I would apologize profusely, and not only give her a list, but contact some of the bakers yourself first to see if they'll honor your price quote. They might be willing to do that if you're "delivering" a client to them with no effort on their part.
"Dear Ms. Bride... Due to circumstances beyond my control (or whatever you want to write about why), I will not be available to do your wedding cake. I'm returning your deposit in full at this point. I regret that I won't be able to be a part of your wedding, and I'm including a list of bakers who would be willing to honor the price that I quoted you for your cake. I appreciate your understanding, and please contact me if you need more assistance."
Thank you, costumeczar. We are on the same wave. I have already started contacting people but I had never thought of asking to honor my price. That would be good. Thanks!
I think you should just provide her a list, your apology and a full refund.
I wouldn't be thrilled with another baker calling me asking me to do a cake for the same price as they were. It's not your contract with them, it's not your business what they choose to quote your ex-clients. They might be more expensive, they might be less expensive. They might be more qualified cake makers, they might be newbies. That's something the bride and groom can work out on their own. They found you, so they must have done some research on their own, right?
The list of other cake makers is enough. Don't tread beyond that point.
Yes, I agree with everything except asking to honor the same rate.
Someone had a baker cancel on them and the wedding planner suggested that I might be able to offer the same rate. It was crazy cheap...like $300 or something like that. This was also during the holidays. My normal rate for that cake that was emailed to me was at least $700.
From the email...it sounded like the baker flaked at the last minute for no reason...so you are actually at an advantage because you will probably still have good "word of mouth" from the client. I politely told the client no thank you., I have to charge at my regular rate. Obviously she didn't book...lol.
It still wouldn't hurt to ask if other bakers would charge the same as you. They might actually have charged her less, so they could be making a profit on it, you never know. If they say they can't honor your price, then ask them how much they'd charge for the same design so that you can give the bride some info and save her some legwork. She'll appreciate your effort more than if you say "I can't do your cake, here's a list of other people, see ya."
As a bride, I would really appreciate the list but while having you call and price compare might sound good to you, it wouldn't really help me any. I'd still have to go and taste test and what if I can find it cheaper?
Just give her a list and apologize and she'll be annoyed but will get over it.

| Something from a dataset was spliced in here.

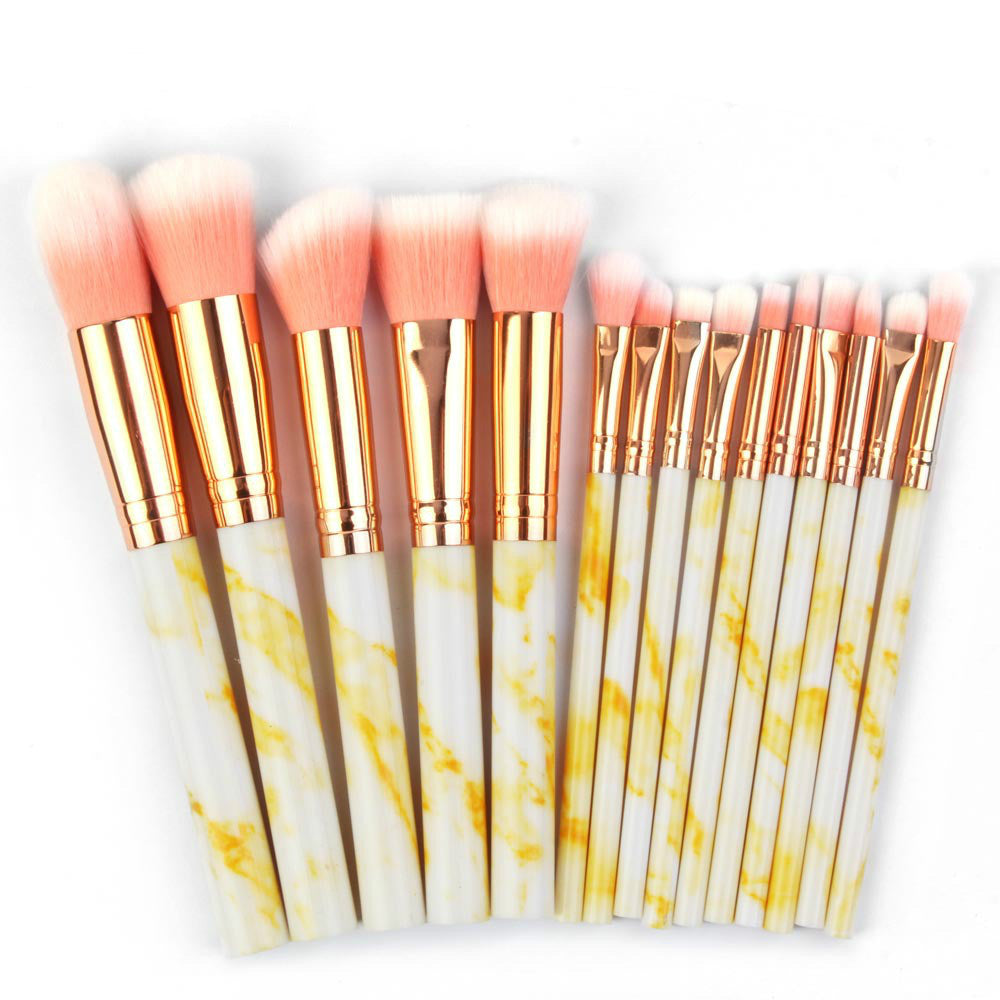 Set of 15 marbling makeup brushes Set of 15 marbling makeup brushes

Thank you, everyone. You are exactly right, aswartzw, she is annoyed and I HATE IT!!! Her emails are civil but very edgy. I offered to get some names for her and in her last email, she said that she already found someone else...and was disappointed that she had not heard back from me yet. I told her Friday and it is Sunday....

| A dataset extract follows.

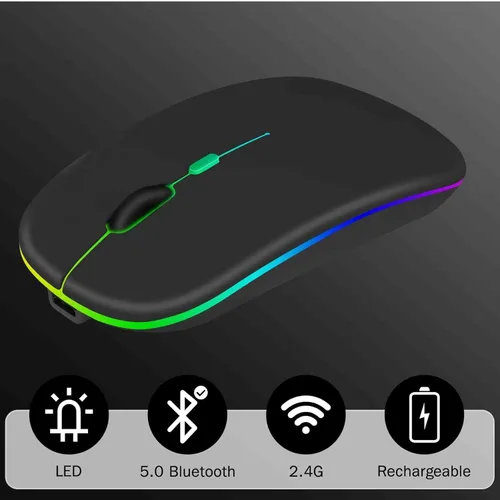 Vista 2 de UrbanX Ratón recargable Bluetooth para Samsung Galaxy Chromebook portátil Bluetooth Ratón inalámbrico diseñado para portátil/PC/Mac/iPad RGB LED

Oh, well. Maybe a good sign I am not involved anymore! Thanks again. That was hard and I appreciate your help!
You can not answer, but can I ask why you are backing out?

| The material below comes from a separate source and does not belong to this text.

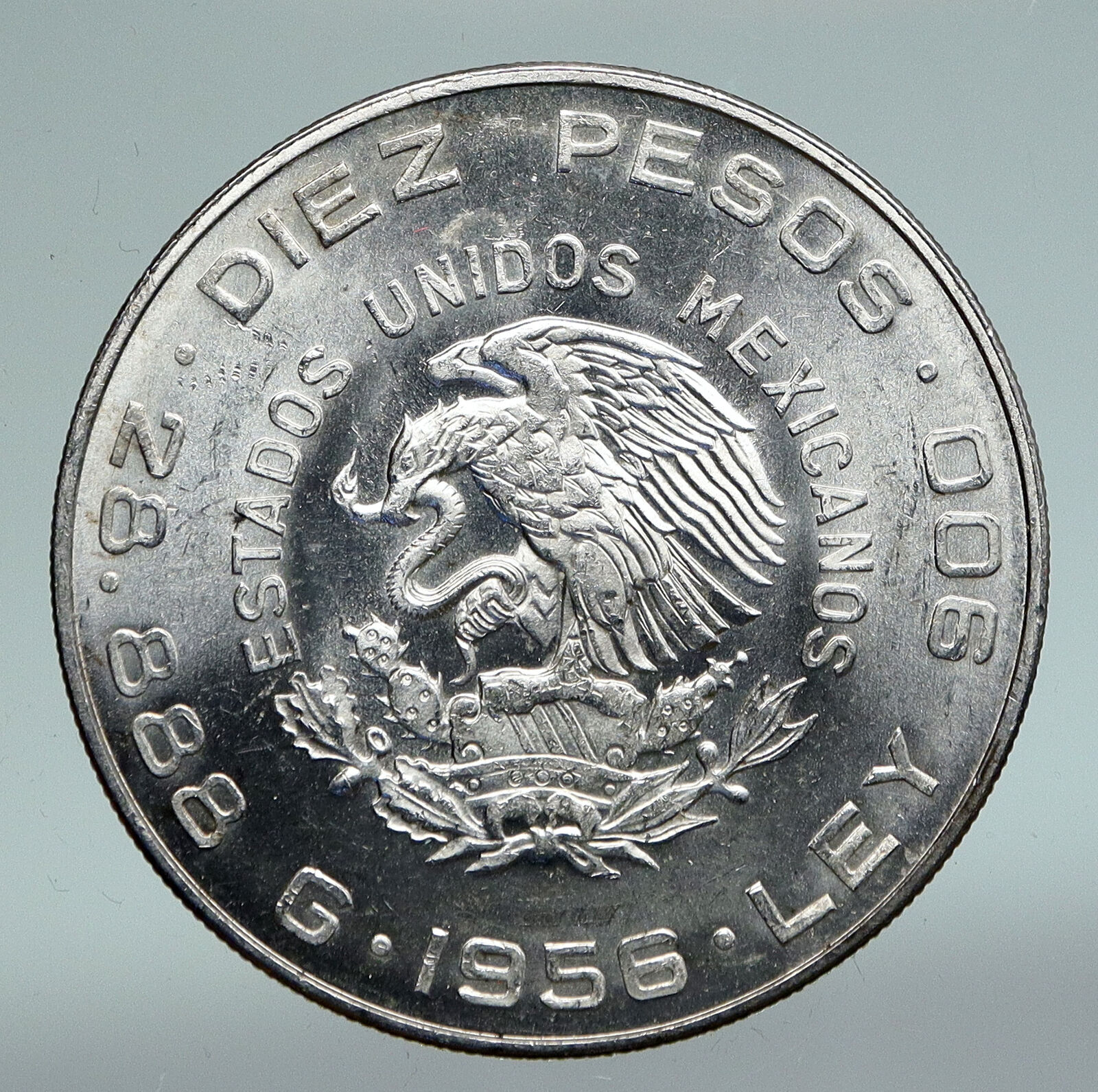 1956 MEXICO Large SILVER 10 Pesos Coin MEXICAN Independence HERO Hidalgo i91018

I'm glad things worked out well for everyone involved. Sometimes things just happen so don't feel so bad.
aligotmatt- I rent a kitchen and the bride changed the date. It did not appear to be a problem but then there were factors that were interfering with that time. Bad thing about renting is you don't always have control...
Well, if that's what happened, then in essence she backed out of the contract first, so don't feel too bad about it. I'm glad that it worked out for you. Even if she's mad it's not your fault that she changed her date!